Schlumberger reports a smaller-than-expected fall in 1Q margins as it continues to execute tight cost controls to combat a decline in drilling activity.
April 17 (Reuters) - Schlumberger Ltd, the world's No.1 oilfield services provider, reported a smaller-than-expected fall in first-quarter margins as it continued to execute tight cost controls to combat a decline in drilling activity.
Schlumberger shares rose as much as 3.3 percent to a near-five-month high of $94.89 on Friday, a day after the company reported a profit well ahead of analysts' expectations despite a 9 percent drop in quarterly revenue.
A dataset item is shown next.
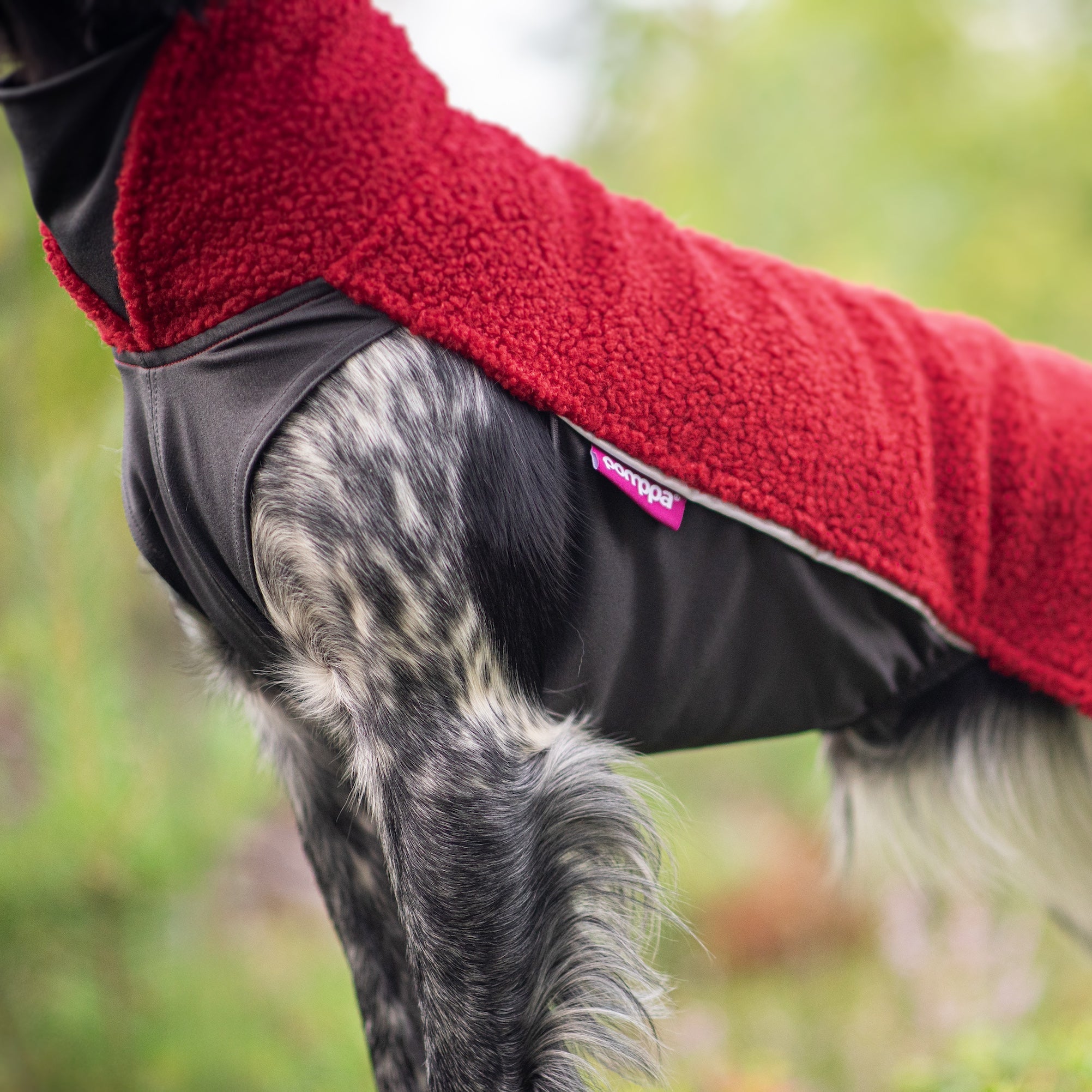 PolarPomppassa on tuplasti paksumpi fleece, entistä peittävämpi takaosa ja pukemista helpottava vetoketju.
"Market pricing for certain products and services (in North America) has already reached unsustainable levels," Chief Executive Paal Kibsgaard said on a conference call with analysts on Friday.
"However, we are being selective in the pursuit of market share and very disciplined in the avoidance of loss-making contracts."
Resilience in its international business, which accounts for more than two-thirds of Schlumberger's total revenue, helped drive profit.
"I think the overall resilience in our well-balanced international business is underestimated," Kibsgaard said.
Schlumberger's cost of revenue fell 7 percent in the quarter ended Mar. 31. Operating margins shrunk to 17.6 percent from 19.3 percent a year earlier, but were higher than the estimates of some analysts tracked by Reuters.